Is there a better description of the p2 instructions than the Rev B doc and spreadsheet?

Steve_Hatch · 2020-01-14 18:41

I am looking for a better description of the PASM instructions for the P2 than what is in the documentation for the Rev B silicon and the instruction spreadsheet. I'm having a hard time understanding the documentation. Abbreviations are used without explanation. There is a lot of assumed knowledge that I don't have. In the old P1 book, there was a fair explanation for each instruction that included some examples of usage. More than the ddddddddd sssssssss type of discussion. I am assuming because the P2 is so new that this type of documentation hasn't been developed yet, although if I wait it will become available. I'm just too impatient. I am just wondering if there is something I'm not aware of.

Steve

VonSzarvas · 2020-01-14 18:54

AFAIK there's not. The docs are in flux/progress as Chip finishes SPIN2.

You'll likely find a lot of answers in Propeller 2 forum threads, although sure - that can be a lot of digging sometimes!

Best advice for now, is to ask anything you need in the Propeller 2 thread, or use the Search box. There's lot's of experts here that have the knowledge you seek!

Rayman · 2020-01-14 19:28

There is a text file that comes with PNut…
It has some details that I don't think are anywhere else...

Actually, I guess that isn't much help...

Rayman · 2020-01-14 21:07

We do need a "Propeller II Manual", like we do for P1.

I guess the good news is that P2 ASM is largely a superset of P1 ASM.
So, the reads and moves and shifts work more or less the same way.

One thing about the spreadsheet is that it often has exact FPGA code for the result. So, if you can read Verilog (I think it was), then you're in good shape.

The documentation file is a pretty good resource though.
What abbreviations need explaining?
I think anybody can make notes in the documentation if more explanation is needed...

Cluso99 · 2020-01-14 21:18

There was a document on google? that detailed many of the instructions. However, as P2 changed this became out of date with the bit definitions although mostly the instructions still worked the same way. Not sure where that document is these days. Perhaps Peter J can chime in as IIRC he did a lot of that work.

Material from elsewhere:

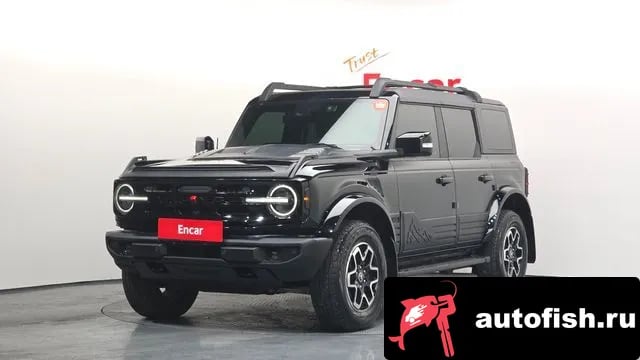 Ford Bronco Bronco 6th Generation 2022 года - автомобиль из Южной Кореи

Note that many of the P2 base instructions are the same as the P1 base instructions, with just the bit positions being different, and of course there is no 'NR' bit, and the no-op condition '0000' is now an implied _RET_.
Most condition flags are the same, but not all.

evanh · 2020-01-14 22:11

As Cluso says, the simpler instructions are just like the prop1, with the exact behaviour concisely in the google spreadsheet. There won't be full prop1 type documentation for a while. I won't try to guess how long.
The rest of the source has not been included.